Les éternelles querelles de l’Homme

La guerre du Haut-Karabagh n’est pas le sujet du film ; c’est plutôt ce que fait une guerre avec l’Homme. Le spectateur qui attend des informations factuelles sur cette région et cette guerre sera déçu. Mais, il sera frappé par la puissance du cinéma de Pierre-Yves Vandeweerd. Ses films ne laissent pas indifférents, et tout le reste – ces informations factuelles – on peut le trouver sur Internet.

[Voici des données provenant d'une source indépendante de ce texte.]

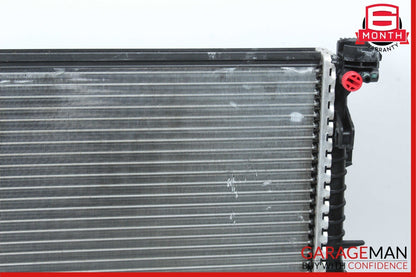 06-09 Mercedes W211 E350 Engine Water Motor Cooling Radiator OEM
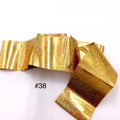 Nail Art Foil - 38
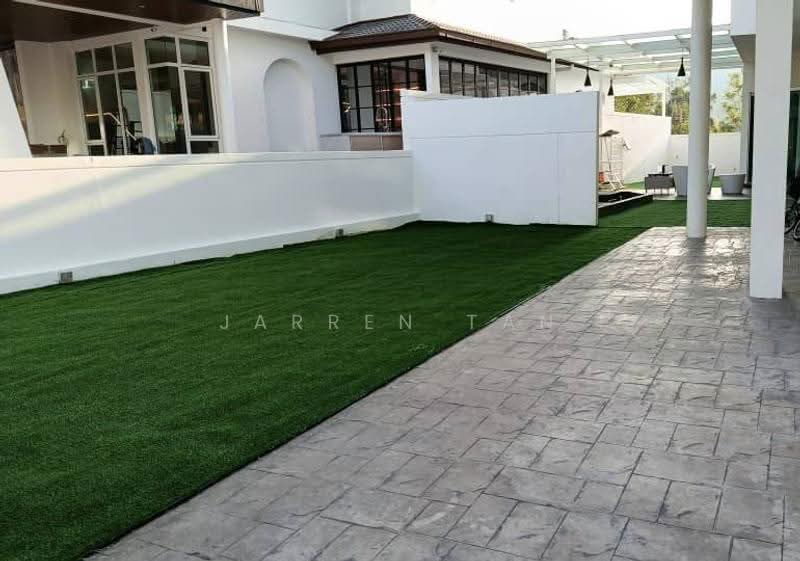 Rumah Banglo untuk Dijual di Kinrara Residence (Puchong) - Jarren Tan - Exterior - PropertyGuru.com.my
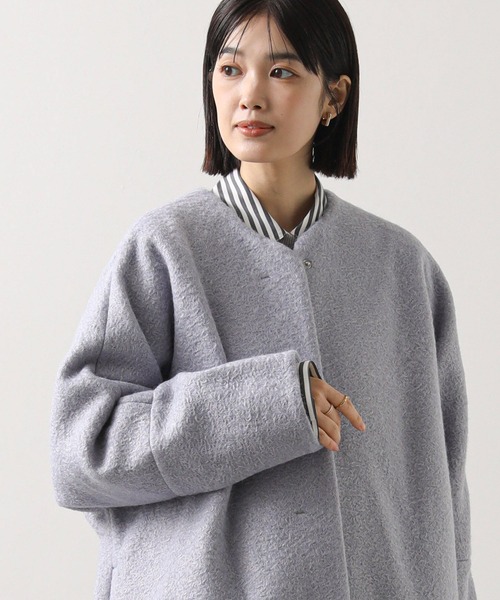 Gready Brilliant（グレディブリリアン） コート アウター カーリー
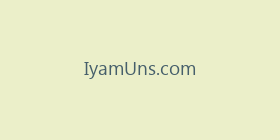 IyamUns.com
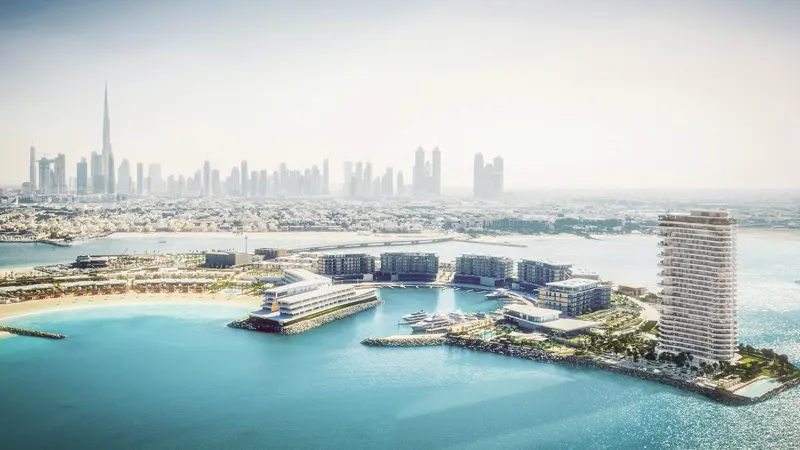 Meraas Bulgari Lighthouse at Jumeirah Bay Island, Dubai - 5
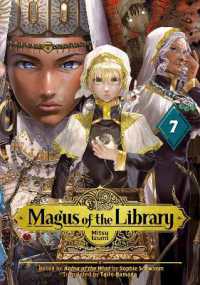 Magus of the Library 7 (Magus of the Library)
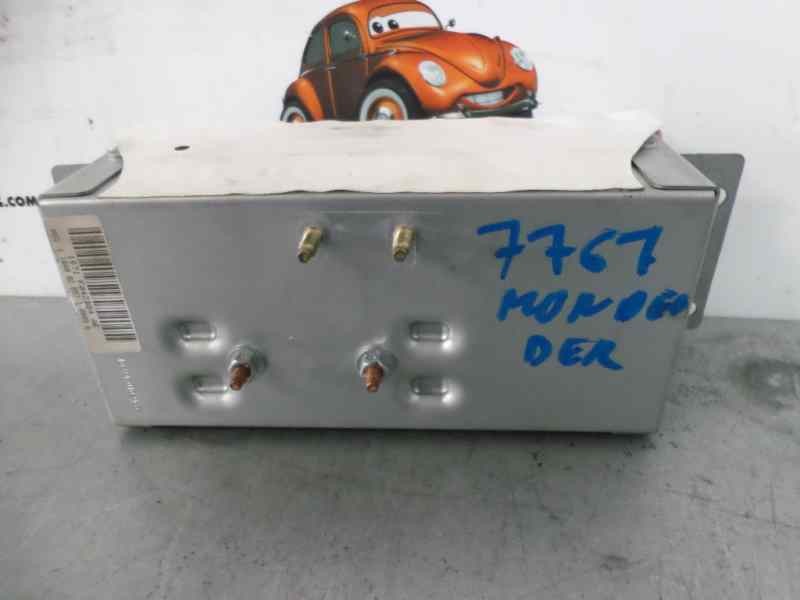 Recambio de airbag delantero derecho para ford mondeo berlina (ge) ambiente referencia OEM IAM 1S71F042B84AE 1188002057100096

Il ancre cette situation de guerre dans une mythologie universelle de l’Homme : « Toute ma vie, j’ai cherché un homme. Celui-là qu’on croyait éternel » dit une voix-off dans le film. Cet homme, il s’agit du « dernier homme » qui a eu « 29 vies depuis la mort de Jésus ». Oui, il y a cette référence religieuse – en plus, la première partie du film est intitulée « Joseph ». Mais restons plus sur cette idée de plusieurs vies du dernier homme. Nous sommes plus dans une survivance d’un mythe qui va de génération en génération. En l’occurrence, les récits des soldats qui constituent la voix-off du film : la mort d’un soldat n’arrête pas la guerre, d’autres soldats prennent la relève et la guerre continue, la lutte est éternelle. Dans ce contexte, les survivants du génocide des Arméniens peuvent être considérés comme « des éternels » et le soldat d’aujourd’hui qui lutte comme si les autres guerres n’avaient servi à rien, un prochain dernier homme. Son combat devient ainsi « une rébellion contre sa condition d’éternel ».

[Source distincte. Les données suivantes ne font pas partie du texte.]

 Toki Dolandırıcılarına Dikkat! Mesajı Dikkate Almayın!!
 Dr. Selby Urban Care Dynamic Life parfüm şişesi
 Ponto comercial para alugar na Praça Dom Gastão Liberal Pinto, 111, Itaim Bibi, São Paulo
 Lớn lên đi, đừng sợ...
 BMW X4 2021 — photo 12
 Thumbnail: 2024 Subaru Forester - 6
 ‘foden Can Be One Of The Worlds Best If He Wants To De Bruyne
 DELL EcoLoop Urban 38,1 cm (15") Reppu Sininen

La deuxième partie du film, intitulée « Karabagh », nous confronte davantage avec cette situation de guerre-sans-fin : des soldats dans les tranchées, des hommes qui fuient en courant à travers les champs, d’autres qui semblent perdus dans un monde intérieur, en attente du dernier homme. L’errance est physique, mais également spirituelle. Le dernier homme, c’est chacun d’entre eux : au 29ème succédera un 30ème, « à ces ruines succèdent d’autres ruines ».

Poète de la mélancolie, anthropologue de l’âme

Tout cela nous mène au « tsnorq », titre de la troisième partie du film et qui se traduit par « mélancolie d’éternité ». On comprend alors que Pierre-Yves Vandeweerd n’a pas fait un documentaire sur une guerre, mais un film sur la condition humaine. Il rend sensible par le biais du cinéma ce qui reste en général invisible et difficile à saisir : comment l’Homme est souvent abandonné à ses errances, comment il souffre d’un « mal d’éternité » parce qu’il est enfermé dans des cercles qu’il s’impose à lui-même. Par une approche poétique, il nous fait comprendre la mélancolie de ces hommes et de ces femmes. Mais il ne s’agit pas uniquement d’eux : il s’agit d’une mélancolie universelle dont Pierre-Yves Vandeweerd a fait une étude anthropologique. Par son cinéma, par Les éternels, il devient un anthropologue de l’âme.